Sideways Review

by Jonathan F. Richards (moviecritic AT opus40 DOT org)
November 22nd, 2004

Jonathan Richards

SIDEWAYS
Directed by Alexander Payne
With Paul Giamatti, Thomas Haden Church
R, 124 minutes

OENOPHILIA

    Sideways is a buddy movie with undertones of ripe fruit, a hint of nuts, and bass notes of aging ham.
It'll go beautifully with whatever you're having.
It's ready to serve now, and should have a long shelf life.
    Miles Raymond (Paul Giamatti, American Splendor) is a self-described loser. He's flabby and balding, an 8th grade English teacher, an unpublished writer, a moping divorcé, and a bit of a wino. This last characteristic, however, comes nicely dressed in the knowledgeable pretensions of oenophilia. Miles is a connoisseur of the grape, a man who can detect and describe flavors of asparagus and pear and a suggestion of Edam cheese in a California Pinot Noir.
On top of that, he truly knows and loves wine. As his pal Jack observes reverentially, "You could work in a wine store, Miles!"
    Jack (Thomas Haden Church, TV's Wings) is an actor, bluff and handsome and not too deep. He's best remembered for his long-ago role as Dr. Derek Somersby in a television soap, but these days he makes his living doing the side-effects-warning voice-overs at the end of drug commercials.

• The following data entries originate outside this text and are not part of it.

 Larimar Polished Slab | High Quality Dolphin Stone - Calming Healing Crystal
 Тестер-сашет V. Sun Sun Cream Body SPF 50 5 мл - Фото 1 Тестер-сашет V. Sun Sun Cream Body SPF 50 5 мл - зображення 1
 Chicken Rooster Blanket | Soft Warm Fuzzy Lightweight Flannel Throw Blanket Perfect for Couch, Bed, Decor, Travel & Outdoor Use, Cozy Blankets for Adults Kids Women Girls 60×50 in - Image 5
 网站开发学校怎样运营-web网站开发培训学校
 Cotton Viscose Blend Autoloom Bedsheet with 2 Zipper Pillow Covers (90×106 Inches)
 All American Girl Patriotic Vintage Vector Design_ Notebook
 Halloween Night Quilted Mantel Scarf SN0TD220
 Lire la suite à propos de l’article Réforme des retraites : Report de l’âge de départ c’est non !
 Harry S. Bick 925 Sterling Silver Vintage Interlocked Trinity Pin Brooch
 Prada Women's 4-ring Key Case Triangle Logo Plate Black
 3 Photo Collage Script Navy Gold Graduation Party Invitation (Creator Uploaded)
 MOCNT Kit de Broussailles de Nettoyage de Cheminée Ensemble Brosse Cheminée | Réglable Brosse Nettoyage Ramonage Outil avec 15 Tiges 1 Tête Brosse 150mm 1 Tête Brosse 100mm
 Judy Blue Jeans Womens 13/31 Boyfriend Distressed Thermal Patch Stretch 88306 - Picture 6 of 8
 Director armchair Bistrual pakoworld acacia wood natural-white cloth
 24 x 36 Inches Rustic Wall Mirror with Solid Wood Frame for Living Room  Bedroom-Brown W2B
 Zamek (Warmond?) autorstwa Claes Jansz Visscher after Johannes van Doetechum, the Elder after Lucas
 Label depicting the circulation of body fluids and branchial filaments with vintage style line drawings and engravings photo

He is about to secure his financial future by marrying a rich girl, but first he and Miles are heading north to the California wine country for a bachelor week of golf and tasting.
And in the bachelor party tradition, Jack has the tasting of more than wine on his randy mind. "I'm going to get you laid," he tells Miles; and of course he intends the same for himself as well, before the doors of wedlock swing shut behind him.
    It doesn't take long for prospects to surface.
Maya (Virginia Madsen) is a waitress in a Santa Ynez Valley eatery Miles frequents; they've exchanged eyes across the restaurant in the past, but he's never had the nerve to take it further. With the self-assured swordsman Jack pushing the buttons, however, they are soon double-dating with Maya's friend Stephanie (Sandra Oh, the director's wife). "Do not sabotage me, Miles," Jack warns his wine-snob friend as they're about to meet the ladies in a restaurant. "If they want to drink Merlot, we're drinking Merlot!"
    Not to worry. These gals know their wine. Soon they're all back at Stephanie's place, uncorking an amusing vintage. In a little while, ecstatic moans are wafting from the bedroom, and an embarrassed Miles and Maya are left to make small talk. So they talk wine.
    "Can I ask you a personal question?"
    "Sure."
    "Why are you so into Pinot?"
    And so begins one of the most poignant scenes of this movie, as the awkward, sad sack Miles lovingly describes his favorite grape. "Thin-skinned, temperamental, and vulnerable – there are only a few places where it can thrive," he tells her, and it is as easy for her as for us to see that he is describing himself.
    Director Alexander Payne's output thus far has been impressive. With Citizen Ruth, Election, and About Schmidt he has pleased some, if not all, with each successive effort. His fourth feature will gather in a lot more, if not all, of the undecided.
It combines the virtues of comedy, pathos, intelligence, and an everyman identity, along with the seductive appeals of wine, women, and golf. The characters are wonderfully individual, and worth spending time with. Maya may be a little too good for Miles, but neither the men nor the women in the audience will have trouble recognizing that syndrome, and after all, she's coming off a failed marriage to a philosophy professor, so her romantic illusions have been adjusted. Church gives Jack an irresistible raffish boorishness that lets us disapprove without despising him. Oh and Madsen are splendid and distinctly knowable. And Giamatti, who keeps delivering breakthrough performances, has another one here that could land him on the Oscar short list.
    Miles's manuscript, which has just been rejected by a last-hope publisher, is an ambitious, undisciplined hodge-podge of content and style that impresses editors but doesn't persuade them to buy it.
Jack sees a plus there: "You can't kill yourself before you've even been published," he tells the despondent Miles, before recalling that "I guess the guy who wrote Confederacy of Dunces did that…" But in a complicated way, the unpublished manuscript is a source of hope, and an expression of something more in Miles than the sum total of his loser's parts.
    Near the end, Miles engages in a burlesqued act of derring-do to save his unworthy pal's upcoming marriage. Whether the saving is merited or not is debatable, but it's a breakthrough bit of out-of-character behavior for the sad-sack Miles.
It's also a bit out of character for the movie, but in a curious way that departure mirrors the liberation of Miles.
    Payne neither coddles nor spares his characters.
With the possible exception of Maya, they're all flawed, but they're all redeemed by saving graces.
Just like all of us – or at least like our friends.
Just like a well-chosen bottle of affordable table wine. Perhaps not transcendent, but eminently quaffable.